> [DATASET EXCERPTS]
------------------------------------------------

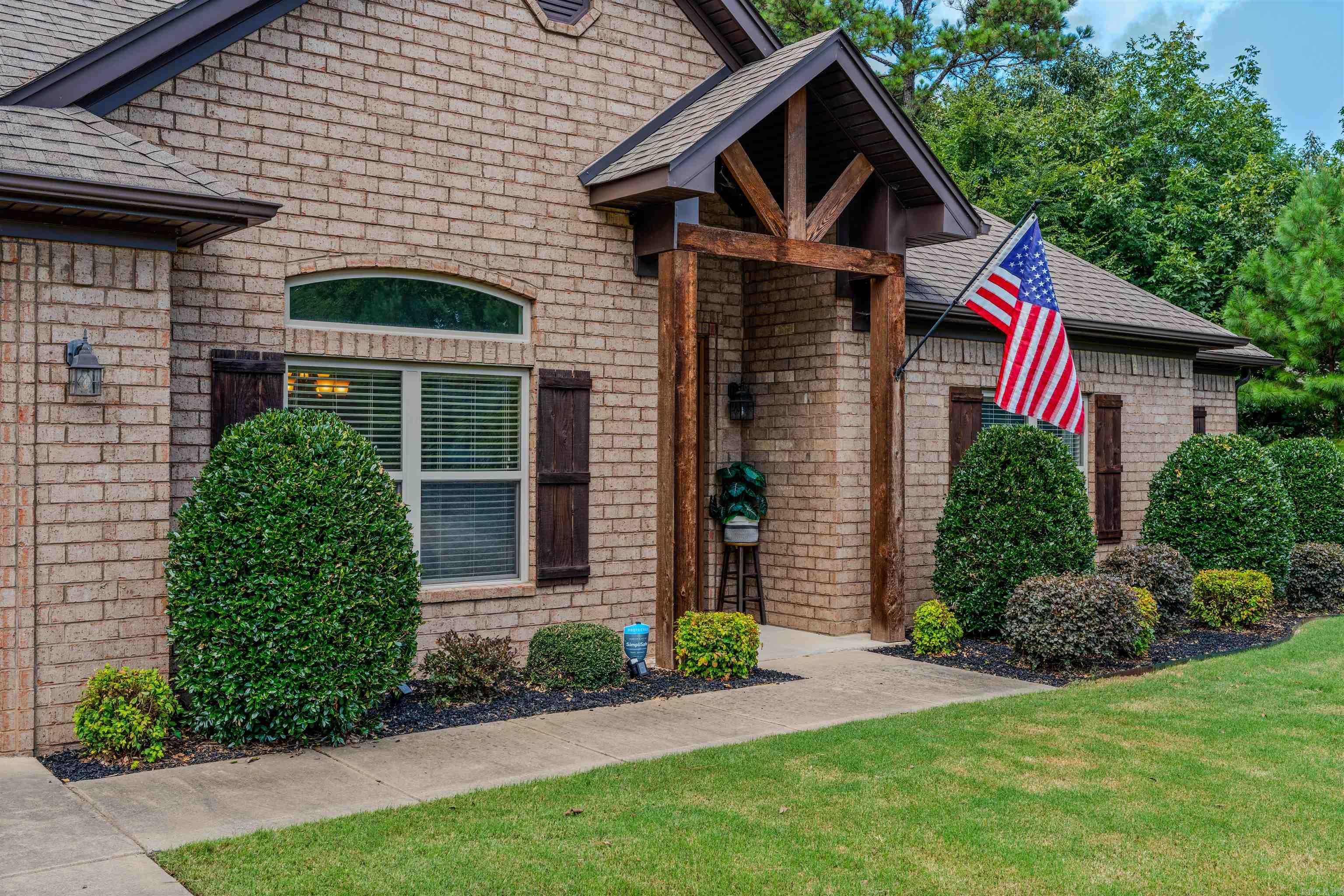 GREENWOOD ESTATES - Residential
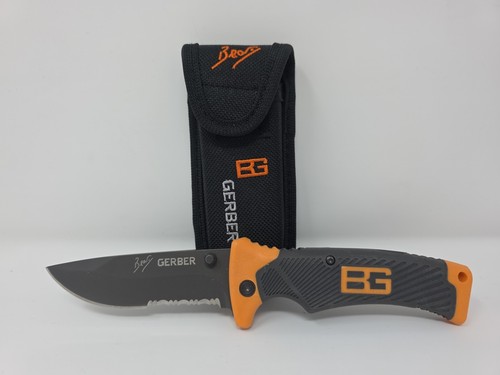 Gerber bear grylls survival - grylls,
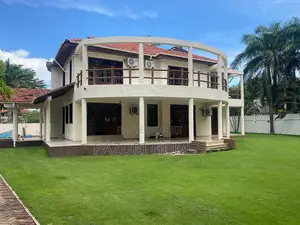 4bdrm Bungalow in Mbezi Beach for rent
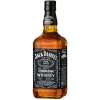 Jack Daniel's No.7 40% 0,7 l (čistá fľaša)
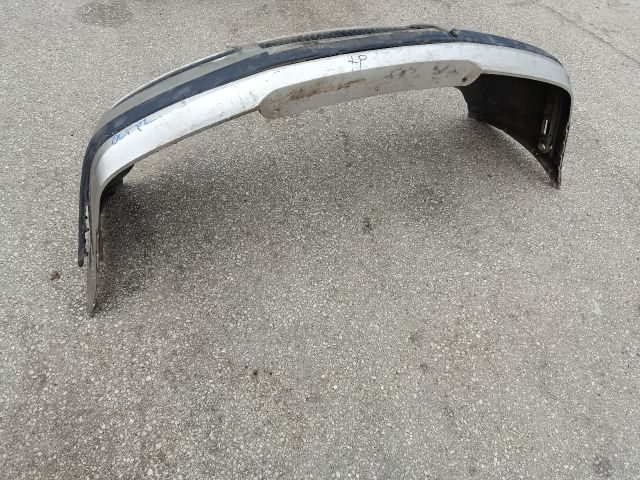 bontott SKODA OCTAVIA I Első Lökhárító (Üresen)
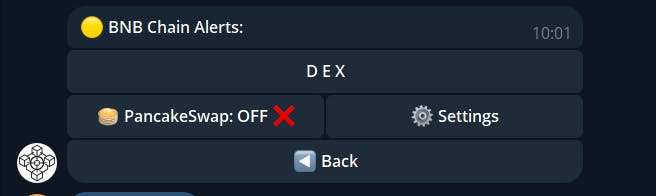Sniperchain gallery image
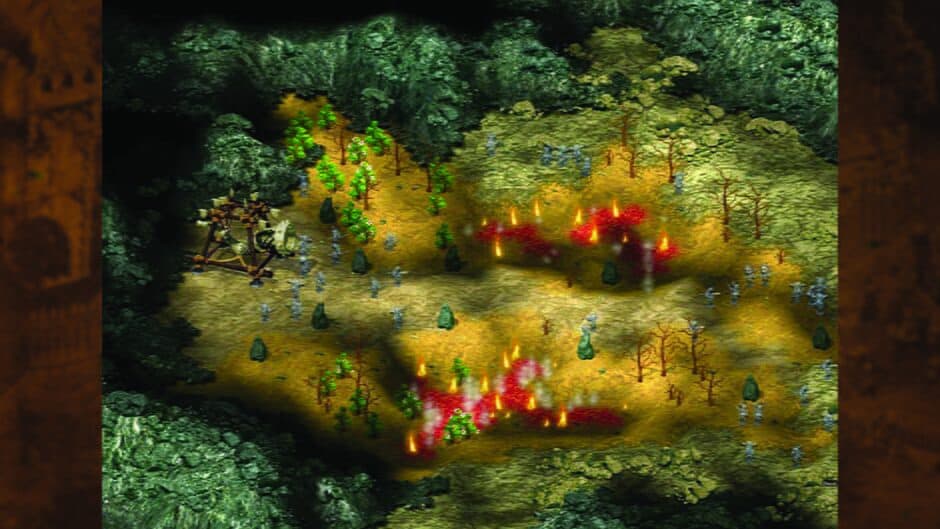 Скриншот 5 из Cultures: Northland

------------------------------------------------

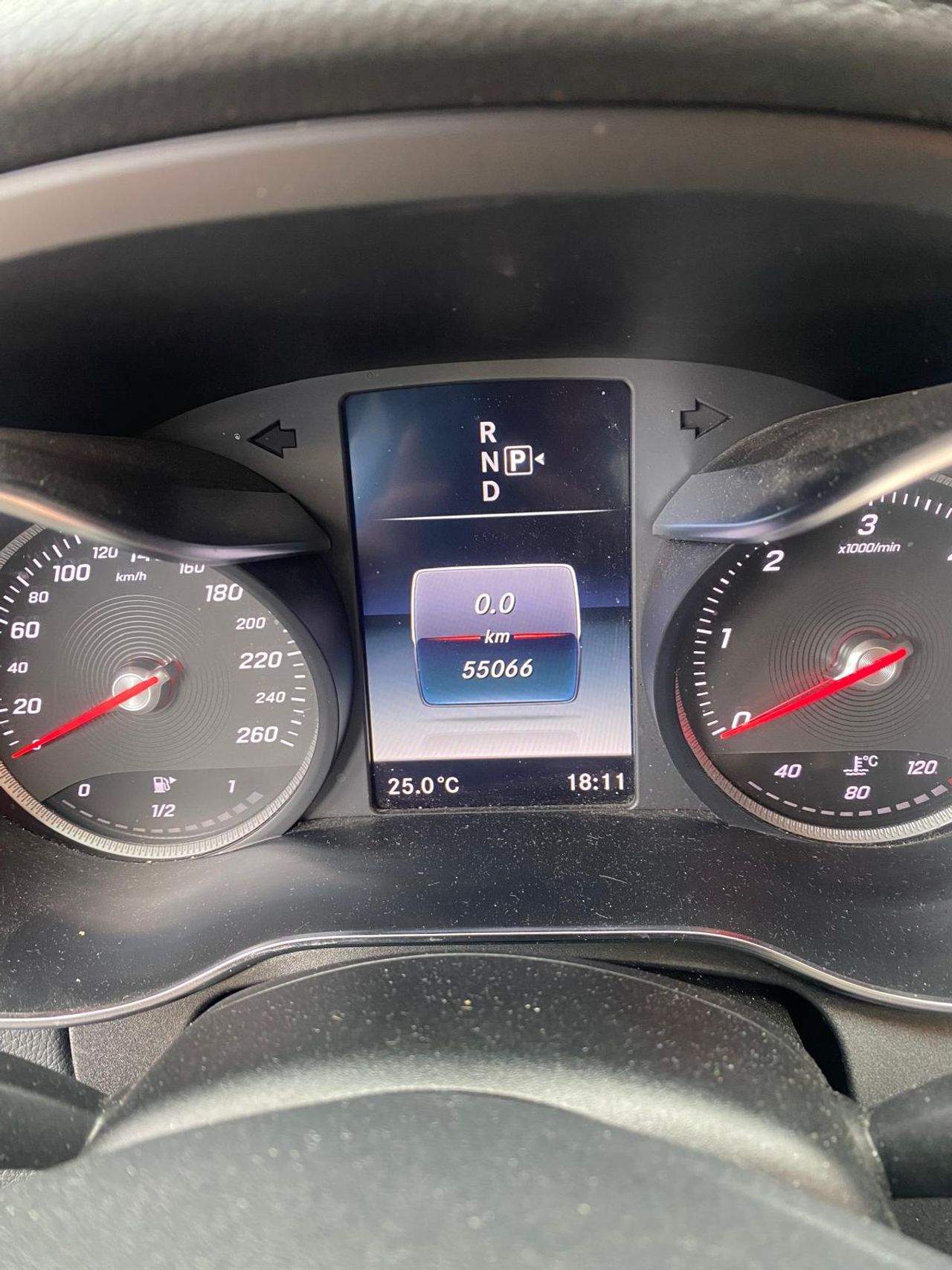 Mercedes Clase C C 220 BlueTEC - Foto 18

------------------------------------------------

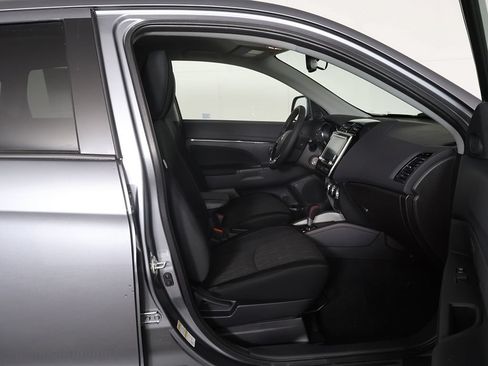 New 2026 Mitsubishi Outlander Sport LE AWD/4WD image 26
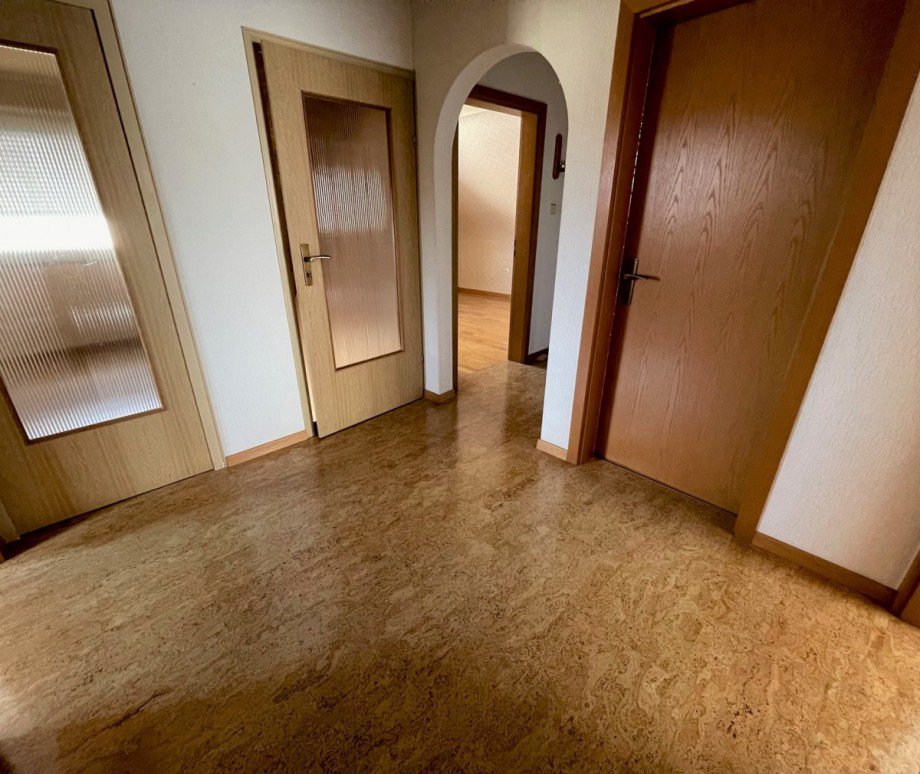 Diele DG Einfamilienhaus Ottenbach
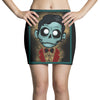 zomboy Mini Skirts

------------------------------------------------

> [WORK TO BE COMPLETED]
Print, exactly and with no pictures, the lines of the listing above starting at the one that has "Gerber bear grylls" and ending at the one that has "Скриншот 5 из Cultures: Northland", both included.

> [RESPONSE BOX]
 Gerber bear grylls survival - grylls,
 4bdrm Bungalow in Mbezi Beach for rent
 Jack Daniel's No.7 40% 0,7 l (čistá fľaša)
 bontott SKODA OCTAVIA I Első Lökhárító (Üresen)
Sniperchain gallery image
 Скриншот 5 из Cultures: Northland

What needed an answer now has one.